Opishnia (Опішня; Опошня) is a rural settlement in Poltava Raion, Poltava Oblast, Ukraine. It is located on the right bank of the Vorskla, a tributary of the Dnieper. Opishnia hosts the administration of Opishnia settlement hromada, one of the hromadas of Ukraine. Population: The settlement is well-known for its ceramics.

==History==
The settlement is a centre for traditional production of decorative ceramics, and has been since the nineteenth century.

Historically, Opishnia was also famous for its plums. Unlike modern fruit, which are usually eaten raw, they were normally salted in brine or dried as prunes. Especially popular during the 18th and 19th centuries, plums from Opishnia became a trademark product of Poltava Governorate and were also exported to Kharkiv, getting mentioned in works by authors including Ivan Kotliarevsky, Oleksa Storozhenko and Ivan Aksakov.

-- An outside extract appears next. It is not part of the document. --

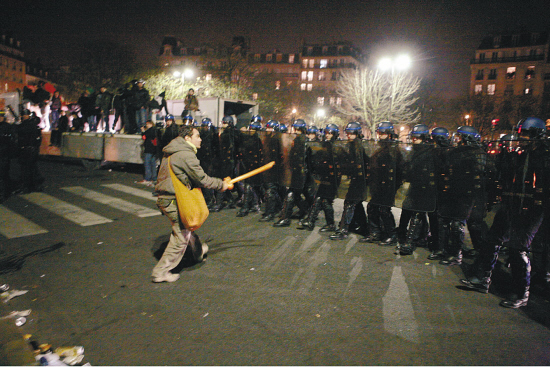 万人罢工全国骚乱法国各地都发生暴力事件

Until 18 July 2020, Opishnia belonged to Zinkiv Raion. The raion was abolished in July 2020 as part of the administrative reform of Ukraine, which reduced the number of raions of Poltava Oblast to four. The area of Zinkiv Raion was merged into Poltava Raion.

Until 26 January 2024, Opishnia was designated urban-type settlement. On this day, a new law entered into force which abolished this status, and Opishnia became a rural settlement.

==Economy==
===Transportation===
The closest railway station is in Poltava, approximately 50 km south.

The settlement has access to highway H12 connecting Poltava and Sumy. It is also connected by road to Lubny via Myrhorod.